A small-town story of the resource curse
A decade or so ago, Kathu in South Africa’s Northern Cape province was little more than a quaint mining town with a fantastic golf course. Supported almost entirely by the nearby Sishen iron ore mine, no one had expected that the town would change remarkably in the coming decade. But a surge in the global price of steel encouraged Anglo American, the majority owner of Kumba Iron Ore, to expand production, rapidly increasing employment. The town boomed. House prices went through the roof, further strengthened by a lump sum bonus to all employees in 2011. (Not all investments were sensible, though: one story goes that upon receiving the bonus, an employee drove to a neighbouring town to purchase a new luxury car, only to crash it on the way back.) The people of Kathu saw their disposable incomes and living standards increase. Two new malls opened in a town with less than 15000 people.
And then it all came tumbling down. A few weeks ago, Anglo announced that, based on weak prospects in China and the low price of steel, it will cut around 4000 jobs at the Sishen mine. House prices are falling and those new developments that rose like mushrooms are going unsold. Stores are likely to close their doors soon, cutting more jobs. The future for the former quaint mining town looks bleak.
Kathu is a microcosm of the problem with development based on natural resources. Oxford University economist Anthony Venables investigates this conundrum in the most recent edition of the Journal of Economic Perspectives, asking ‘Using Natural Resources for Development: Why Has It Proven So Difficult?’. Venables explains that the successful use of natural resources requires multiple stages.

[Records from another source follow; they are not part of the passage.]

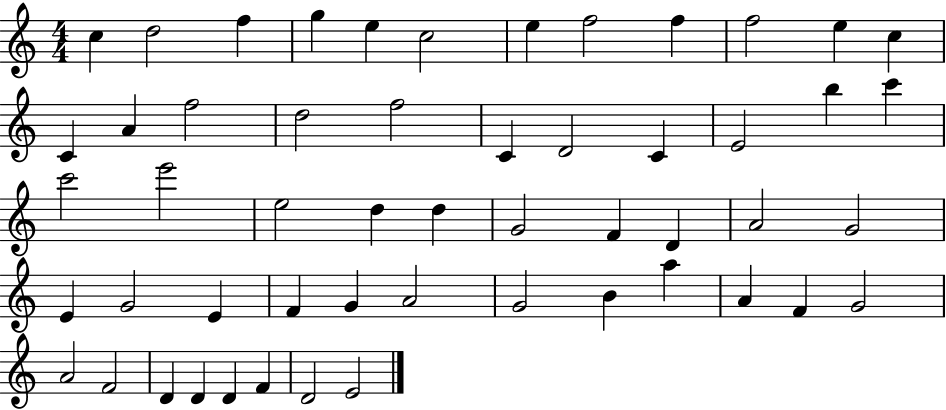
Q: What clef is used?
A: treble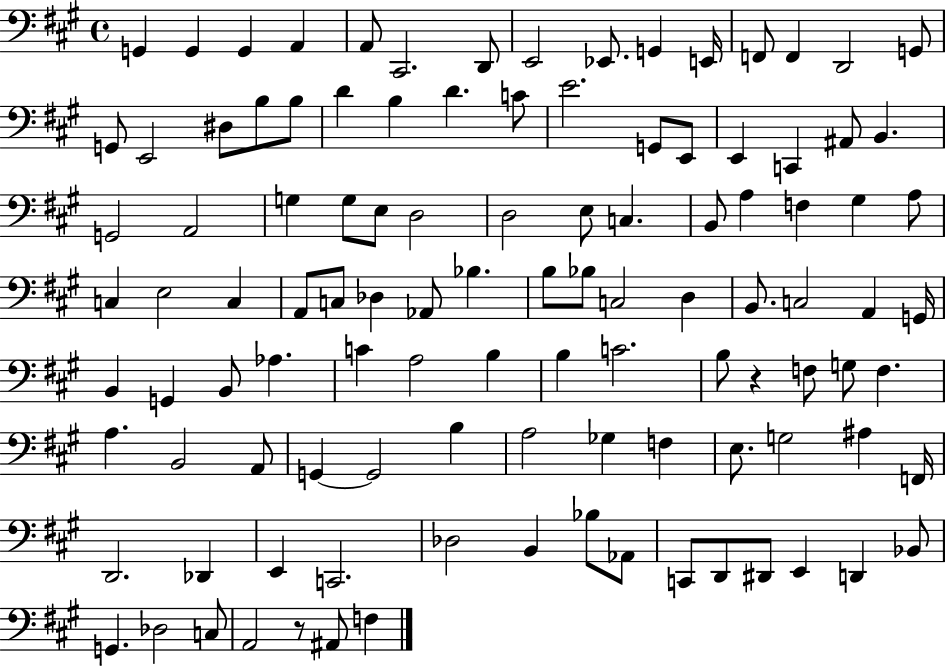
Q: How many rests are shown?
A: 2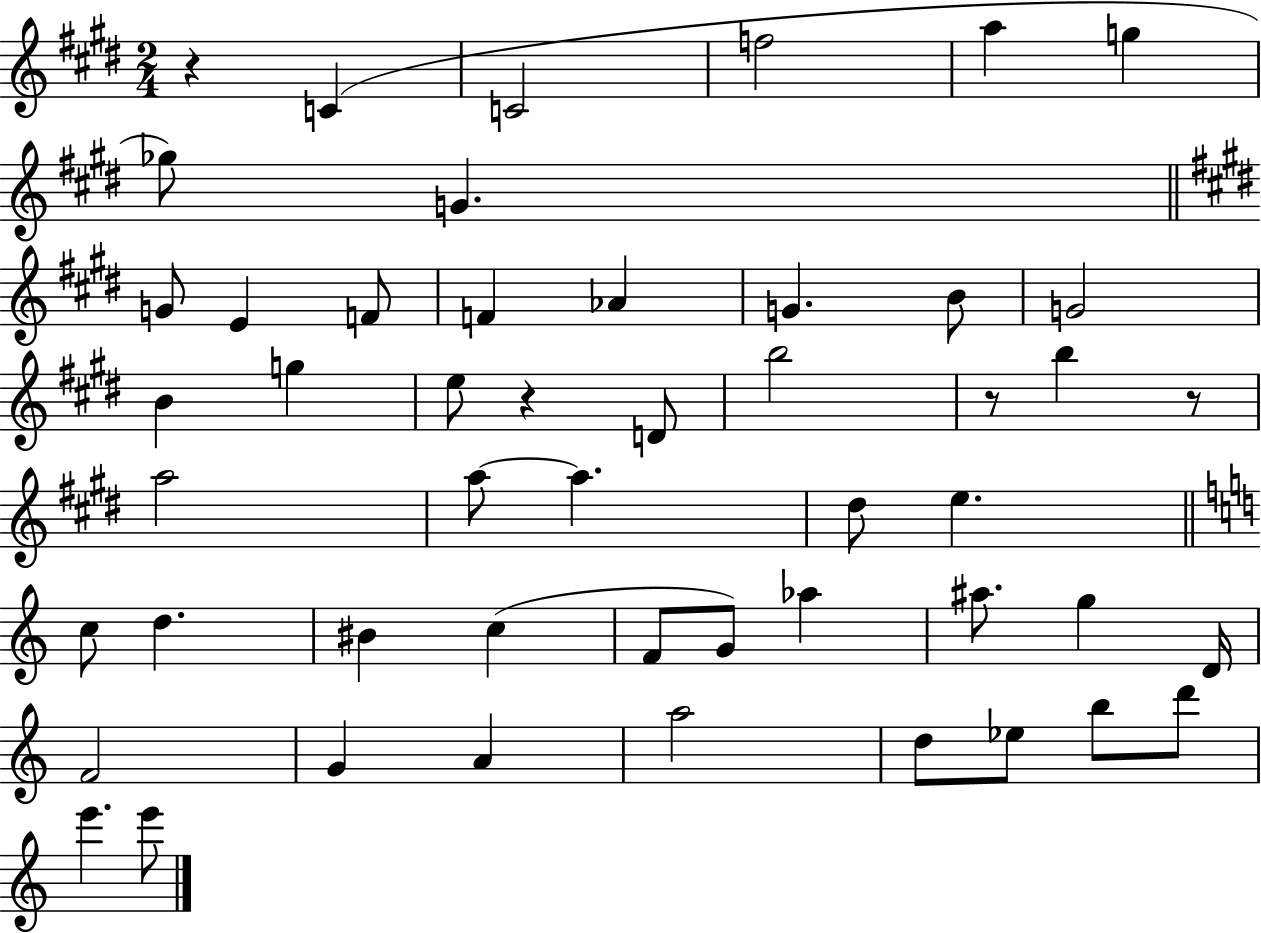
X:1
T:Untitled
M:2/4
L:1/4
K:E
z C C2 f2 a g _g/2 G G/2 E F/2 F _A G B/2 G2 B g e/2 z D/2 b2 z/2 b z/2 a2 a/2 a ^d/2 e c/2 d ^B c F/2 G/2 _a ^a/2 g D/4 F2 G A a2 d/2 _e/2 b/2 d'/2 e' e'/2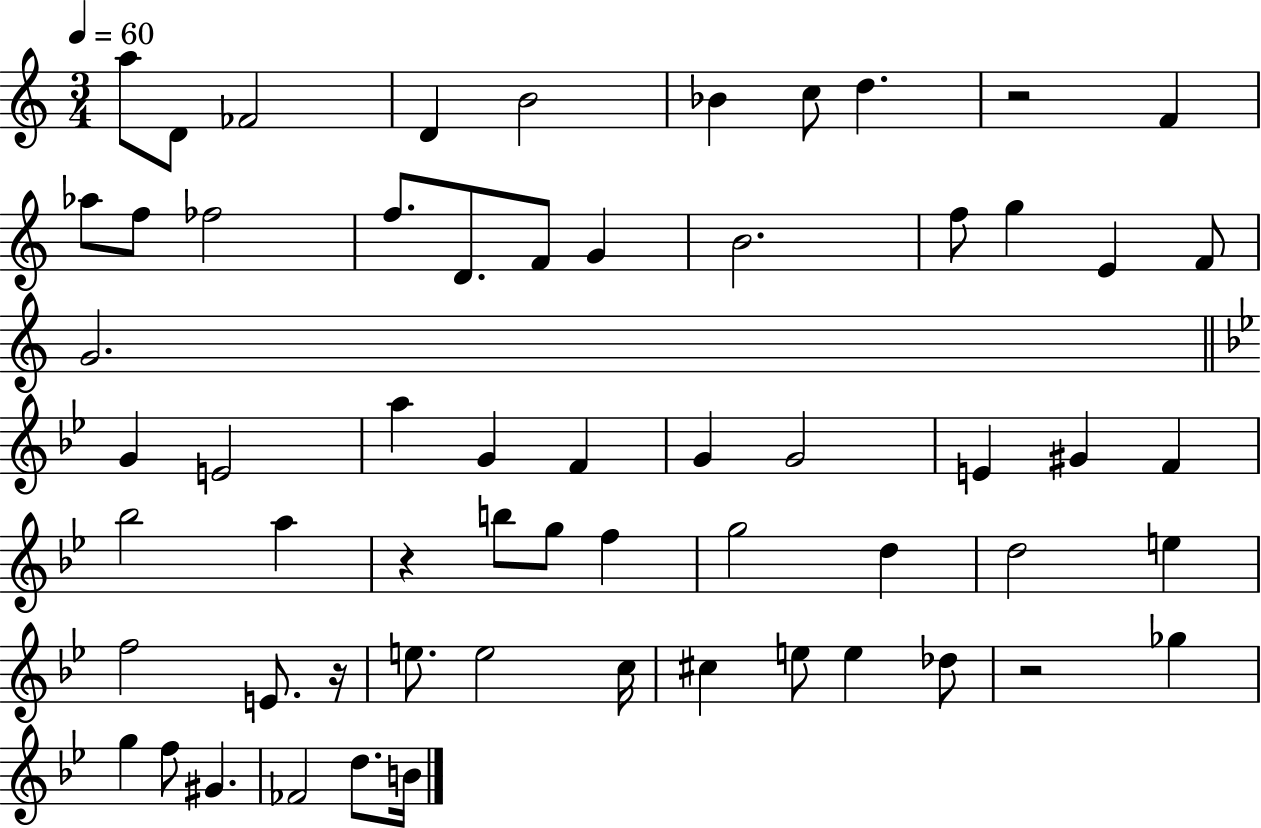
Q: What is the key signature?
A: C major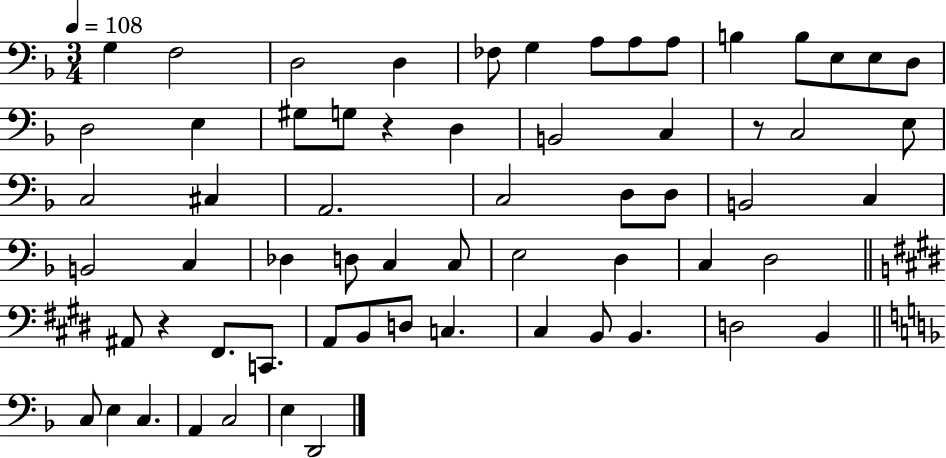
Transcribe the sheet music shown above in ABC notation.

X:1
T:Untitled
M:3/4
L:1/4
K:F
G, F,2 D,2 D, _F,/2 G, A,/2 A,/2 A,/2 B, B,/2 E,/2 E,/2 D,/2 D,2 E, ^G,/2 G,/2 z D, B,,2 C, z/2 C,2 E,/2 C,2 ^C, A,,2 C,2 D,/2 D,/2 B,,2 C, B,,2 C, _D, D,/2 C, C,/2 E,2 D, C, D,2 ^A,,/2 z ^F,,/2 C,,/2 A,,/2 B,,/2 D,/2 C, ^C, B,,/2 B,, D,2 B,, C,/2 E, C, A,, C,2 E, D,,2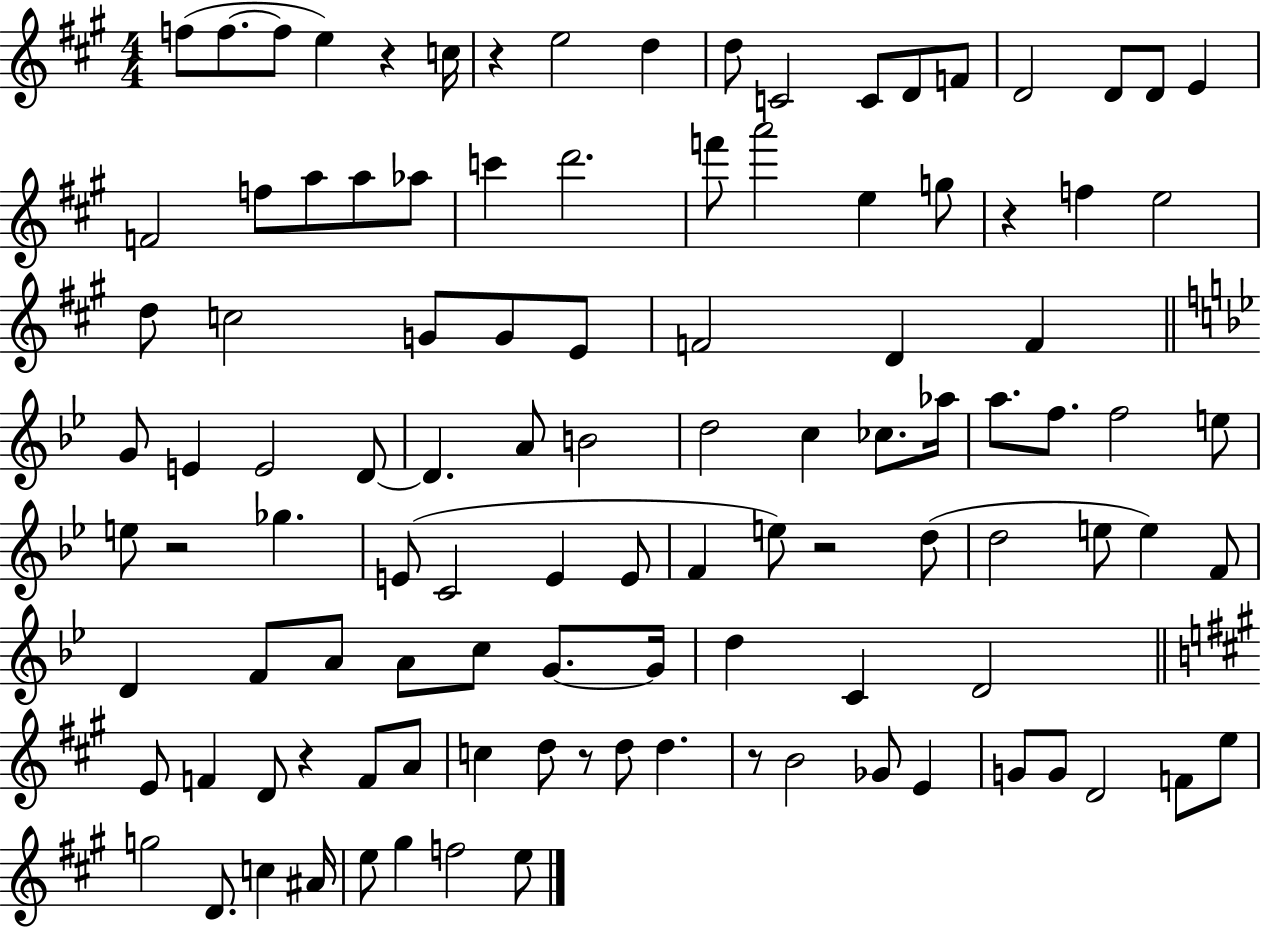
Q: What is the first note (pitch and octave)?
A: F5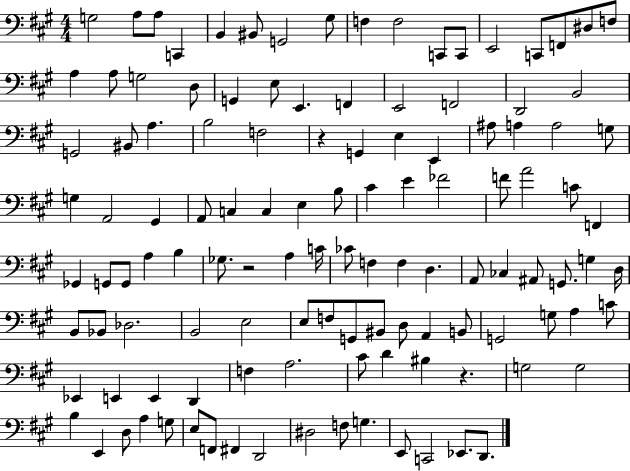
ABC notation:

X:1
T:Untitled
M:4/4
L:1/4
K:A
G,2 A,/2 A,/2 C,, B,, ^B,,/2 G,,2 ^G,/2 F, F,2 C,,/2 C,,/2 E,,2 C,,/2 F,,/2 ^D,/2 F,/2 A, A,/2 G,2 D,/2 G,, E,/2 E,, F,, E,,2 F,,2 D,,2 B,,2 G,,2 ^B,,/2 A, B,2 F,2 z G,, E, E,, ^A,/2 A, A,2 G,/2 G, A,,2 ^G,, A,,/2 C, C, E, B,/2 ^C E _F2 F/2 A2 C/2 F,, _G,, G,,/2 G,,/2 A, B, _G,/2 z2 A, C/4 _C/2 F, F, D, A,,/2 _C, ^A,,/2 G,,/2 G, D,/4 B,,/2 _B,,/2 _D,2 B,,2 E,2 E,/2 F,/2 G,,/2 ^B,,/2 D,/2 A,, B,,/2 G,,2 G,/2 A, C/2 _E,, E,, E,, D,, F, A,2 ^C/2 D ^B, z G,2 G,2 B, E,, D,/2 A, G,/2 E,/2 F,,/2 ^F,, D,,2 ^D,2 F,/2 G, E,,/2 C,,2 _E,,/2 D,,/2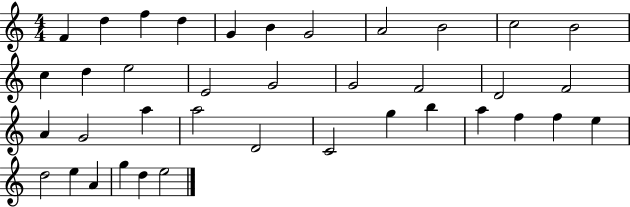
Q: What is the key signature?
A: C major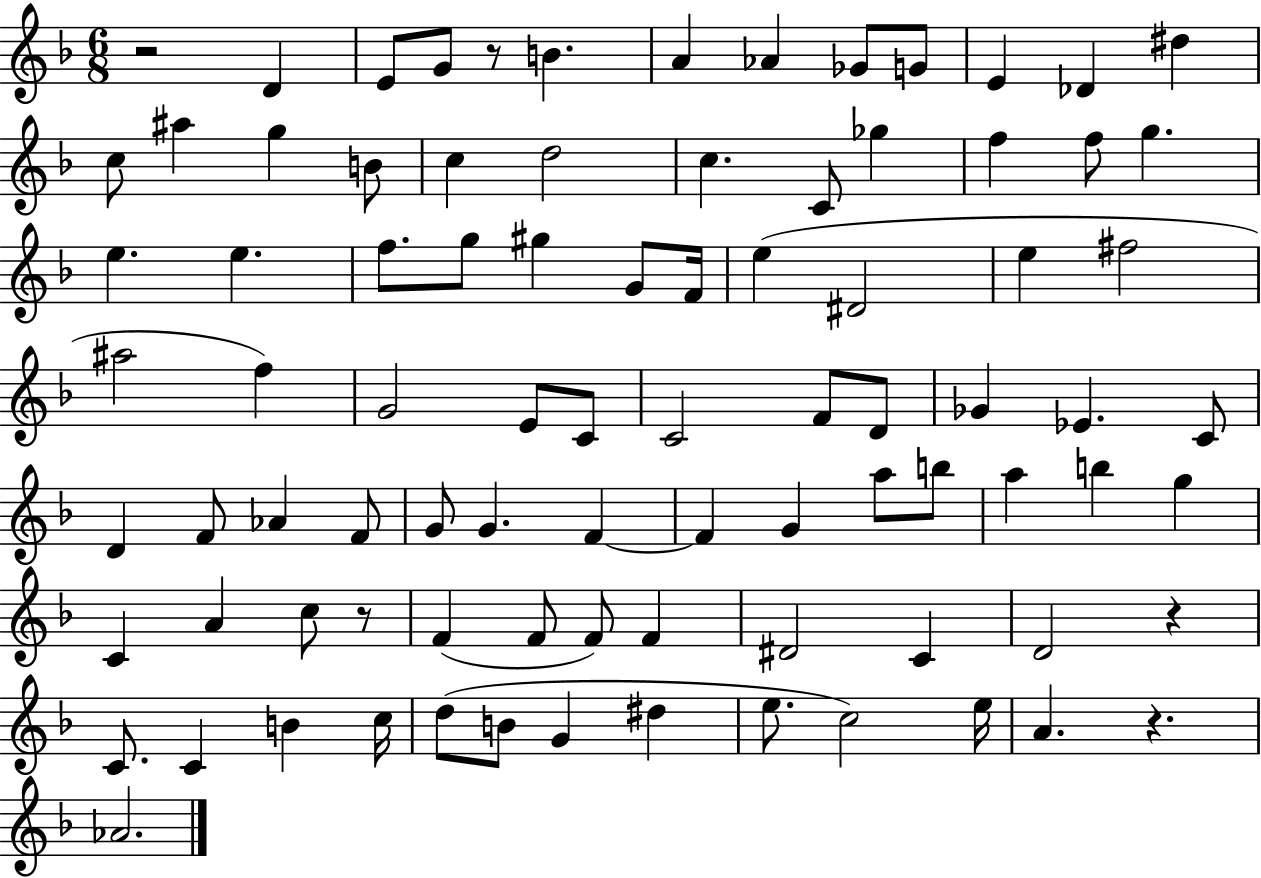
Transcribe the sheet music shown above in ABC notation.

X:1
T:Untitled
M:6/8
L:1/4
K:F
z2 D E/2 G/2 z/2 B A _A _G/2 G/2 E _D ^d c/2 ^a g B/2 c d2 c C/2 _g f f/2 g e e f/2 g/2 ^g G/2 F/4 e ^D2 e ^f2 ^a2 f G2 E/2 C/2 C2 F/2 D/2 _G _E C/2 D F/2 _A F/2 G/2 G F F G a/2 b/2 a b g C A c/2 z/2 F F/2 F/2 F ^D2 C D2 z C/2 C B c/4 d/2 B/2 G ^d e/2 c2 e/4 A z _A2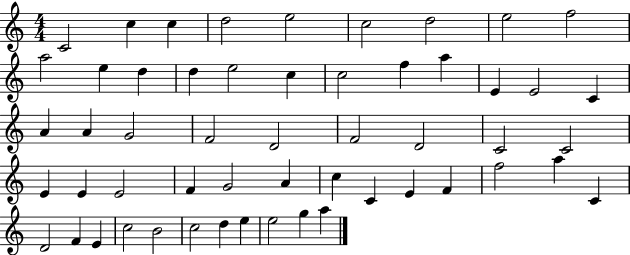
C4/h C5/q C5/q D5/h E5/h C5/h D5/h E5/h F5/h A5/h E5/q D5/q D5/q E5/h C5/q C5/h F5/q A5/q E4/q E4/h C4/q A4/q A4/q G4/h F4/h D4/h F4/h D4/h C4/h C4/h E4/q E4/q E4/h F4/q G4/h A4/q C5/q C4/q E4/q F4/q F5/h A5/q C4/q D4/h F4/q E4/q C5/h B4/h C5/h D5/q E5/q E5/h G5/q A5/q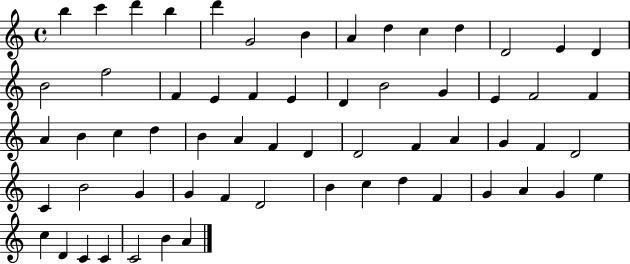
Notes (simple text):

B5/q C6/q D6/q B5/q D6/q G4/h B4/q A4/q D5/q C5/q D5/q D4/h E4/q D4/q B4/h F5/h F4/q E4/q F4/q E4/q D4/q B4/h G4/q E4/q F4/h F4/q A4/q B4/q C5/q D5/q B4/q A4/q F4/q D4/q D4/h F4/q A4/q G4/q F4/q D4/h C4/q B4/h G4/q G4/q F4/q D4/h B4/q C5/q D5/q F4/q G4/q A4/q G4/q E5/q C5/q D4/q C4/q C4/q C4/h B4/q A4/q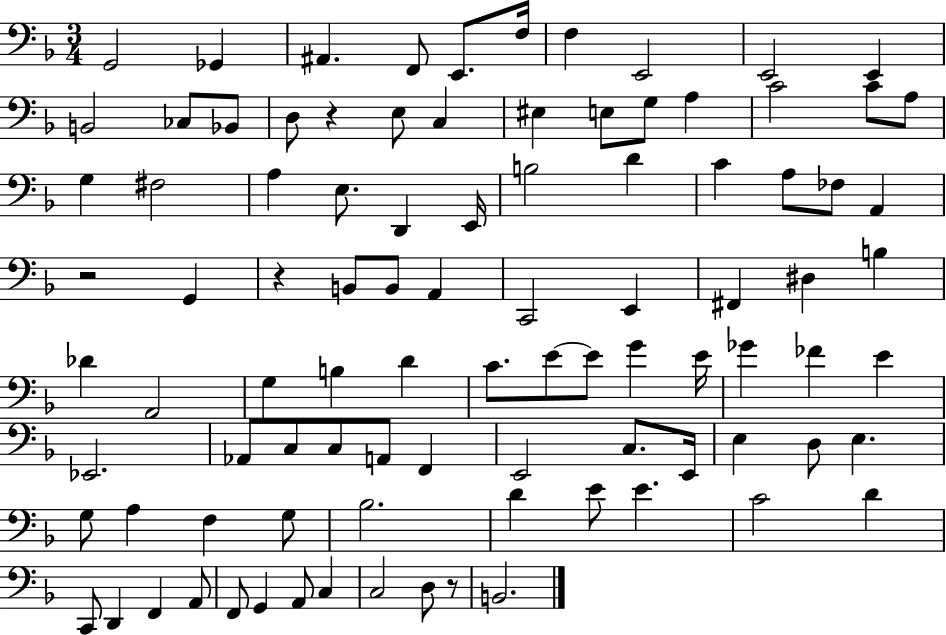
X:1
T:Untitled
M:3/4
L:1/4
K:F
G,,2 _G,, ^A,, F,,/2 E,,/2 F,/4 F, E,,2 E,,2 E,, B,,2 _C,/2 _B,,/2 D,/2 z E,/2 C, ^E, E,/2 G,/2 A, C2 C/2 A,/2 G, ^F,2 A, E,/2 D,, E,,/4 B,2 D C A,/2 _F,/2 A,, z2 G,, z B,,/2 B,,/2 A,, C,,2 E,, ^F,, ^D, B, _D A,,2 G, B, D C/2 E/2 E/2 G E/4 _G _F E _E,,2 _A,,/2 C,/2 C,/2 A,,/2 F,, E,,2 C,/2 E,,/4 E, D,/2 E, G,/2 A, F, G,/2 _B,2 D E/2 E C2 D C,,/2 D,, F,, A,,/2 F,,/2 G,, A,,/2 C, C,2 D,/2 z/2 B,,2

First the deposits have to be discovered and extracted. Then the revenues need to be divided between the government, investors and other claimants (like the local community). What is important is how these revenues are split between the different claimants, and what it is used for. Finally, the indirect, negative effects to the rest of the economy must be allayed.
Dividing what can often be large gains can be difficult. Discovery and extraction licenses are typically awarded to encourage the most efficient mining companies to operate, but can result in corrupt practices. To avoid this, auctions provide one mechanism to ensure the government maximise revenue. Auctions do not work everywhere, though: in Botswana, the government instead negotiated with the dominant De Beers to ensure a larger share of the gains from diamonds.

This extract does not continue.